Nous souffrons de manque d'être, de manque de puissance et le groupe ne subsiste que comme cadre d'incarnation du pouvoir. Rien n'est pourtant plus opposé à la puissance que le pouvoir. Si la puissance est la possibilité de devenir – de se changer, de modifier le monde – le pouvoir, lui, domine le prochain. La puissance modifie le soi et le monde ; le pouvoir tient le monde immobile. La puissance est un principe de plaisir social, oral ; le pouvoir est une pulsion de mort, de maintien du même, le pouvoir est anal. Quand le groupe échoue à incarner une puissance, il devient le siège du pouvoir et, ce faisant, manque sa promesse de construire le sujet individuel et social. Le fascisme atteste ce phénomène à une échelle plus élevée, à une échelle nationale ; le fanatisme religieux soumis à des êtres assoiffés de pouvoirs, sacrilège parce qu'il évoque le nom de Dieu pour asseoir la domination de l'Homme sur l'Homme obéit aux mêmes schémas.

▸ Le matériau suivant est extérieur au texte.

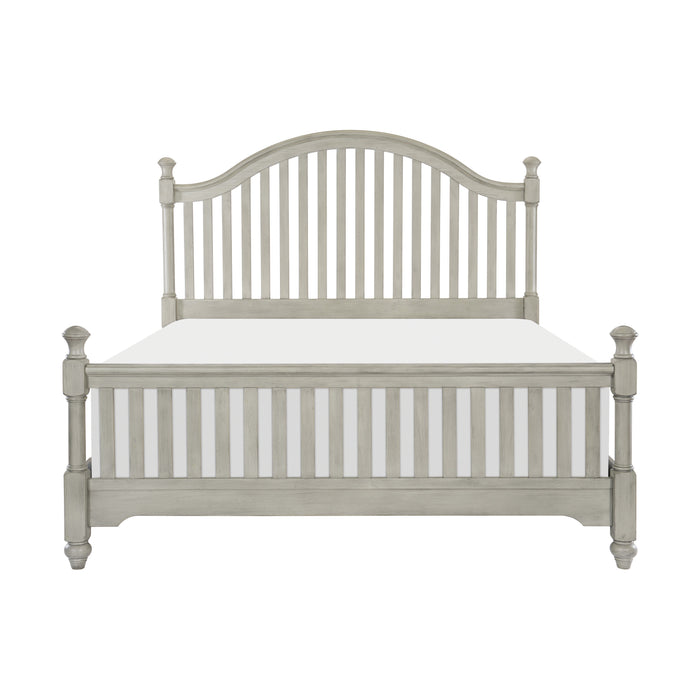Mossbrook 4pc Set (QB+NS+DR+MR) in Gray/Brown - 1568-1*4 - FAMSA Furniture (TX)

Stiegler dit que les électeurs du Front National (ou de la LDJ, de Daech ou du PS, peu importe8 dans la mesure où ils se soumettent de manière grégaire à des leaders sulfureux) ont besoin de soin, qu'ils sont maltraités. C'est certainement exact. Mais j'irai plus loin en disant que les électeurs du Front National incarnent ce que nous sommes tous, des âmes perdues, des âmes en peine. Nous sommes perdus car nous ne pouvons utiliser nos bras, nos têtes, nos cœurs. Nous voulons découvrir des mondes, construire des systèmes philosophiques et rencontrer l'inattendu et – j'y vois une maltraitance socialenous sommes confinés à contrôler nos achats, nos corps, notre carrière, notre santé, notre idéologie, nos choix familiaux. Nous n'avons pas besoin de contrôler, nous avons besoin de deveniret c'est là une conséquence des plus funestes de la déqualification, de la disparition de la qualification professionnelle nécessairement à l’œuvre dans la production et dans la consommation capitalistes. Faute de qualification personnelle, l'acte perd son côté structurant, métastable. À défaut de structuration dynamique, le pouvoir apparaît comme un succédané crédible sinon efficace.

Le dépassement du capitalisme, de la propriété lucrative permettrait d'associer des qualités à la production économique et, ce faisant, de redonner aux hommes sans qualité quelque chose comme une puissance, la puissance de devenir, de construire avec leurs pairs et poser des actes dans le monde, de vivre.